Die Diskussion um die Reaktivierung der Kandertalbahn kommt in Gang. In einer Pressemitteilung melden sich sowohl die Interessengemeinschaft (IG) „Pro Kandertalbahn“ als auch der grüne Landtagsabgeordnete Josha Frey zu Wort. Sie fordern beide den Landkreis Lörrach auf, die aktuell günstigen Rahmenbedingungen für eine Reaktivierung zu nutzen.

Der Landkreis lässt durchblicken, dass er bei der Elektrifizierung der Hochrrheinbahn und dem Ausbau der Garten- und Wiesentalbahn andere Erfahrungen in Sachen Förderung gemacht habe. Die fast vollständige komplette Übernahme des Infrastrukturausbaus durch Dritte entspreche „nicht unseren Erfahrungen“, heißt es aus dem Landratsamt.

Markus Kern bringt die aus Sicht der IG zu zögerliche Haltung des Landkreises Lörrach so auf den Punkt: „Noch vor der Präsentation der Ergebnisse der Ingenieurstudie kursieren bereits jetzt seit Anfang Mai Schreiben in der Verwaltung, die ein Ende der Untersuchungen einer Reaktivierung fordern, obwohl man die S-Bahn quasi geschenkt bekommt.“

IG sieht deutliche Mängel beim SMA-Gutachten

Die IG erneuert ihre Kritik am SMA-Gutachten von 2022, das nach inzwischen geänderten Bewertungskriterien einen ungünstigen Nutzen-Kosten-Faktor von 0,28 ergeben hatte. Insbesondere die Erstellungkosten für die Strecke seien fast doppelt so hoch angesetzt, außerdem wurden einige Rahmenbedingungen wie Reaktivierungskosten und Fahrtzeit nicht optimiert dargestellt, um ein möglichst gutes Ergebnis zu erzielen. Außerdem werde das Fahrgastpotenzial nur für den reinen Streckenabschnitt zwischen Haltingen und Kandern betrachtet. Vielmehr sei es aber notwendig. Pendlerströme nach Weil oder bis nach Basel zu betrachten.

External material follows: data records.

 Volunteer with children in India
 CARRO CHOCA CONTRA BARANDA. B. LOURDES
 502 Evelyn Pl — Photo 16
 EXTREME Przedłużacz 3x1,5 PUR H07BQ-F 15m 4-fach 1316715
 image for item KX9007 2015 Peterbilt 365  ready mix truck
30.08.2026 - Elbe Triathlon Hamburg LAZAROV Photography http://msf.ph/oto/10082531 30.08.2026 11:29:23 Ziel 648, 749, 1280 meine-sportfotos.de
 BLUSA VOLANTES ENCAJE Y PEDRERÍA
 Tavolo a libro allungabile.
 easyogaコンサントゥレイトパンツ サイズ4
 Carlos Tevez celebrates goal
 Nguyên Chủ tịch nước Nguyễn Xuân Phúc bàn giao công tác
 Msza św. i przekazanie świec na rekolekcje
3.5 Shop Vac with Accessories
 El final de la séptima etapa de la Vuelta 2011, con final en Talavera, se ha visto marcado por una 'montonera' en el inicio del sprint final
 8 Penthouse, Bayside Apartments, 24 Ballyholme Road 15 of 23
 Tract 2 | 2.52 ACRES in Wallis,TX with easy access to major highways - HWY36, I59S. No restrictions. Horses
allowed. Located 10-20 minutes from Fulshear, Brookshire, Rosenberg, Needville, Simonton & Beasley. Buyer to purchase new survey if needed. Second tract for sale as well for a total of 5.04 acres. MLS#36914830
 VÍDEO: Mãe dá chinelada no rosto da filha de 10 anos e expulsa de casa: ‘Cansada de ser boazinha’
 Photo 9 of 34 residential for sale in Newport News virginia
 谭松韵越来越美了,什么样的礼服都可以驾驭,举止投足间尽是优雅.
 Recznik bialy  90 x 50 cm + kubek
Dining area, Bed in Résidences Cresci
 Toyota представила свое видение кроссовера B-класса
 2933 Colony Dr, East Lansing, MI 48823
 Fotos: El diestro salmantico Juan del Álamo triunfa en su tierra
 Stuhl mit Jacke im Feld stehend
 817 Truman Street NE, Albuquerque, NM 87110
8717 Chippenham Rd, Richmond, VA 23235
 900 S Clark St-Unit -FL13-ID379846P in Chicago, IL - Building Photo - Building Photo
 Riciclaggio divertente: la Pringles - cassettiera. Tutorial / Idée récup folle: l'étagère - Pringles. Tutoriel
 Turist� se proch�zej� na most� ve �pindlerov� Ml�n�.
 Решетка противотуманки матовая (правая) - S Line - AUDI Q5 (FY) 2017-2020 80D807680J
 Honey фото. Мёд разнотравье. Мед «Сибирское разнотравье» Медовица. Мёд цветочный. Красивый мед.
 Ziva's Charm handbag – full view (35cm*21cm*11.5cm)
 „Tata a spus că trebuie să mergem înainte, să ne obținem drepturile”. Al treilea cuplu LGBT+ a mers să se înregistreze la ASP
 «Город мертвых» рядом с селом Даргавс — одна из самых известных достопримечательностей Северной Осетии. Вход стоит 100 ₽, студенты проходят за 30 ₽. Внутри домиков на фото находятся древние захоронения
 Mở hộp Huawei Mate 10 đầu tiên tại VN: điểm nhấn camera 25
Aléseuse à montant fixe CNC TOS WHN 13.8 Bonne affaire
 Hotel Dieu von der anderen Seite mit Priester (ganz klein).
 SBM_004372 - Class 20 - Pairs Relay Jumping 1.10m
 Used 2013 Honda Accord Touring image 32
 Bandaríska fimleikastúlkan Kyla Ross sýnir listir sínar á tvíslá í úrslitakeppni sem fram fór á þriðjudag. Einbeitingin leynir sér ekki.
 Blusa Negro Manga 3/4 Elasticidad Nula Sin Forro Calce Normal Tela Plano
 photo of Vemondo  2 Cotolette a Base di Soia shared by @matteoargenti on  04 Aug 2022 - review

Ingenieurbericht vom gleichen Büro

Die IG hätte sich ein anderes Büro für den vertiefenden Ingenieurbericht gewünscht, der Ende Juni im Landratsamt den Mitgliedern der Arbeitsgruppe S-Bahn vorgestellt worden sei. Insbesondere die Zusage des Landes, dass 99 Prozent der Reaktivierungskosten übernommen würden und die Betriebskosten bei einem positiven Nutzen-Kosten-Faktor größer eins seien bislang nicht berücksichtigt worden. Außerdem seien die Fahrtzeiten des alternativen Buskonzepts angesichts der täglichen Verkehrslage sehr knapp kalkuliert.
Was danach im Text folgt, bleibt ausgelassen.